For three years the composer refused to allow the sheet music to be printed, until the publisher Giulio Ricordi insisted on it. With their serious education – based on classicism – Italian composers were able to assimilate the quartet technique (the young Donizetti composed no less than sixteen quartets), though instrumental music remained on the peripheries of their interests. On the other hand, Verdi positively embraced the territory then still occupied by Germans. In his quartet, the impeccably strict form and deliberate abundance of “academic” polyphonic techniques is combined with a certain liveliness and the originality of the material. The main theme of the first movement brings to mind Amneris’ jealousy. Flying in the face of the traditions of the quartet genre is the second movement – a delightful mazurka – while the third is an impetuous scherzo in the spirit of Beethoven and von Weber.
Arturo Toscanini, who undertook string orchestra arrangements of various works, also turned to this opus by Verdi.
The Quattro pezzi sacri (1898) were to be Giuseppe Verdi’s musical testament. The composer worked on them over the course of ten years. Each of the pieces was intended for a different instrumental ensemble and was composed in a different style, indicating the various paths and histories of religious music. When Italy lost its “musical face” Verdi set his sights on national traditions.
The Ave Maria for chorus without accompaniment has the secondary title of Enigmatic Scale Harmonised for Four Mixed Voices. Adolfo Crescentini published the Scale in 1889 in the Gazzetta musicale di Milano. With Verdi, the four lines are taken in turn by the bass, alto, tenor and soprano, while as a whole the piece is reminiscent of chromatic madrigals of the Renaissance era.

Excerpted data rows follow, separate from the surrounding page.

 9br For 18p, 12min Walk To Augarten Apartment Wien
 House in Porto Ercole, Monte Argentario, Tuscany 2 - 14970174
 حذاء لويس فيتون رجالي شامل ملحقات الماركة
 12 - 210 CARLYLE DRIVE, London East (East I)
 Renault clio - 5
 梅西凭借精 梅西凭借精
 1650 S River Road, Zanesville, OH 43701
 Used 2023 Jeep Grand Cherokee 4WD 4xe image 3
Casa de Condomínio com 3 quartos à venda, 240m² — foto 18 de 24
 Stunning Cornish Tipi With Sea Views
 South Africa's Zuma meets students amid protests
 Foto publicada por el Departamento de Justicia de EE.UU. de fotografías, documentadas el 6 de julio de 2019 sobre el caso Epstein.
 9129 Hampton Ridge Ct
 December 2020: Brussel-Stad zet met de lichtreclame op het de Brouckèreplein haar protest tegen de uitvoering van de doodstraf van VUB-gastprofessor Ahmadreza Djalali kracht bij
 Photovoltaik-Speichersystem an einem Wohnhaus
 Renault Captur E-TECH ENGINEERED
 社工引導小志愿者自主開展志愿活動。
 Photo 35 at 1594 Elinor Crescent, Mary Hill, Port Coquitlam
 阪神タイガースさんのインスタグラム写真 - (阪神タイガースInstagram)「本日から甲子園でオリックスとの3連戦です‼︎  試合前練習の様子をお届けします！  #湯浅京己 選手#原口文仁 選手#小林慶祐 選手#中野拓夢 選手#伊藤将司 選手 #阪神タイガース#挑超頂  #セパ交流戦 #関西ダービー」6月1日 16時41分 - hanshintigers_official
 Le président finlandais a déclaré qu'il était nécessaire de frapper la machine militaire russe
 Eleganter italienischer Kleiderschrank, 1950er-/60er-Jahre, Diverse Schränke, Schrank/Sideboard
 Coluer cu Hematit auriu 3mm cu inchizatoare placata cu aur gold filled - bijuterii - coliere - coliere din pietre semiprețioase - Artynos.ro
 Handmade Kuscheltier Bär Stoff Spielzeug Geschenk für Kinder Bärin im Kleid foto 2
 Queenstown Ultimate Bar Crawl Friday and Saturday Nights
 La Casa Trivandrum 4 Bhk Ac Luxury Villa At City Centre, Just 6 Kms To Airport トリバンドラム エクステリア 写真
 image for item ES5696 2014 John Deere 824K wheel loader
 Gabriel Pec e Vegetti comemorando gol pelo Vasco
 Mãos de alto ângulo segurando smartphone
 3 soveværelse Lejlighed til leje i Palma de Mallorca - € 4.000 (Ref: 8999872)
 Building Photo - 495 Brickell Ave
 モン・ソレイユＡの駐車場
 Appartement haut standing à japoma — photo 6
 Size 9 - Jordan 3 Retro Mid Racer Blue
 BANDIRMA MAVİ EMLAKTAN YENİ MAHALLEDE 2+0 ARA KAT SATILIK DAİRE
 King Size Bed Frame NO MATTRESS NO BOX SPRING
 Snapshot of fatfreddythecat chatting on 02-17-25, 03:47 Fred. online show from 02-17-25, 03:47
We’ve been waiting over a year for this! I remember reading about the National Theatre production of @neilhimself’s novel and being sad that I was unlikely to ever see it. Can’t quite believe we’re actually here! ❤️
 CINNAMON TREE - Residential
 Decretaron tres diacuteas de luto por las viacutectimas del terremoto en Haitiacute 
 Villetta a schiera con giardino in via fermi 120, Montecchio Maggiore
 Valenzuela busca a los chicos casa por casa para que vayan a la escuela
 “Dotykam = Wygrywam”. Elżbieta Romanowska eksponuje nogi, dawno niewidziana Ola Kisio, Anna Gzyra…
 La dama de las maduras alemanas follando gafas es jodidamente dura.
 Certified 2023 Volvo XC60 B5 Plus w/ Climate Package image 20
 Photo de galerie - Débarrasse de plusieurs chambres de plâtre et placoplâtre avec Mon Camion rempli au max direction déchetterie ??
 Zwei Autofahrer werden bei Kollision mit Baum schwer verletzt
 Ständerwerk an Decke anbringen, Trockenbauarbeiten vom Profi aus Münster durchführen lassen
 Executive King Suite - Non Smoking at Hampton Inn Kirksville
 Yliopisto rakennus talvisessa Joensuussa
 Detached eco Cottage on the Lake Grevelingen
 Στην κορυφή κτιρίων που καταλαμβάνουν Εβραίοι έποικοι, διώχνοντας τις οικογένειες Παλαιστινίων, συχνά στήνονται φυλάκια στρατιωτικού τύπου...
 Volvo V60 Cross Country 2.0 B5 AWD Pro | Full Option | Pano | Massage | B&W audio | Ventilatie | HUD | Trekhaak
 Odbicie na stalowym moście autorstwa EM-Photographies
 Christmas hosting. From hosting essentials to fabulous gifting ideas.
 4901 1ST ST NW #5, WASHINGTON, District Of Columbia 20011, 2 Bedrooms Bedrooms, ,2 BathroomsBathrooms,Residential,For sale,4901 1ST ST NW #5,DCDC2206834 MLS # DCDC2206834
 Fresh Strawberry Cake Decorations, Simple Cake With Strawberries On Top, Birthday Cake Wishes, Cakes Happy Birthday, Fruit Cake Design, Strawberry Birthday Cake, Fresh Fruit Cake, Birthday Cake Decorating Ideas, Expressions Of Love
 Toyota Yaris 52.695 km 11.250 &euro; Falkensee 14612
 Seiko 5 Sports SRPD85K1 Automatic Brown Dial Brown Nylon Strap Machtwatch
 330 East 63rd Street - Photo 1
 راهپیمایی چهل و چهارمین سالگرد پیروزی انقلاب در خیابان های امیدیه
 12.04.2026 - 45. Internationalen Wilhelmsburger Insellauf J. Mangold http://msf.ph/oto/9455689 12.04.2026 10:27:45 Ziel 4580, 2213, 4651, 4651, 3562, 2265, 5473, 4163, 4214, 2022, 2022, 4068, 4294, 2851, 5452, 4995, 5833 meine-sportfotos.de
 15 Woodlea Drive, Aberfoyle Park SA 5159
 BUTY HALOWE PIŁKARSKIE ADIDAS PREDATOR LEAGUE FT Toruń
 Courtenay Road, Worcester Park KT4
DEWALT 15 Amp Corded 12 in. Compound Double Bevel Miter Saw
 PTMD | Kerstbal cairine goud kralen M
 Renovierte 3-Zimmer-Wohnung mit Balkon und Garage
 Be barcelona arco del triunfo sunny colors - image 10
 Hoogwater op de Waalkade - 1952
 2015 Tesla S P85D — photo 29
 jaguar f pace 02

Stabat mater for soloists, chorus and orchestra is a very “human” piece, incredibly dramatic and contemporary in terms of style. Laudi alla Vergine Maria for children’s voices (voci bianche) to a non-canonical text (the first seven tercets of the final canto Paradiso by Dante), on the other hand, embody angelic song. In practice, this piece is most frequently performed by a female chorus.
The Te Deum for double chorus and triple orchestra also refers to tradition: the piece opens with a single-voice Gregorian chant. As soon as the entire chorus and orchestra join in, however, it becomes impossible not to recognise Verdi’s powerful signature style.